Even Krusty’s fate of never giving one-millionth of a crap about artistic integrity ever again lands more gently than usual, as he and Maron find out that The Sands Of Space (handed over to liberate Homer) has become a Mexican cult classic (entitled El Bozo Loco). Even though Krusty waves off the rhapsodic Maron’s attempt to graft an uplifting coda to the story of his one, true, pure artistic endeavor turning out to be a forgotten, space-bound Mexican version of The Room, Maron’s description of the nobility of Krusty’s overreaching folly still leaves them bathed in the tiny Mexican movie theater’s warm glow. Like the rest of the almost-but-not-quite “The Clown Stays In The Picture,” this late-game Simpsons outing is a heartening glimpse of inventiveness, and improbable near-success, in defiance of show biz machinery.
- “That’s off limits, soul patch!”
- The studio head, after fobbing off Krusty with a no-budget The Sands Of Space, gloats, “Now we can make all the dog-cop movies they want—two more!”
- The ancient director boasts that he’s been making movies “since they were called ‘stillies.’”
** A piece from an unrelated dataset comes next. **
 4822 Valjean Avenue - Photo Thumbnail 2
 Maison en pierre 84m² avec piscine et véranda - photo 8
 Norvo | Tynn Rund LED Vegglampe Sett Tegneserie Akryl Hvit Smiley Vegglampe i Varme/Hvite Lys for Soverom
- The Sands Of Space apparently co-starred Judd Nelson (who wouldn’t come out of his trailer), and Christian Slater (who wouldn’t go into his trailer). It was also in negotiations for an end-credits song from Peabo Bryson, but Peabo was notoriously hard to pin down.
- The episode is dedicated to Simpsons production manager Trista Navarro, who died earlier this month.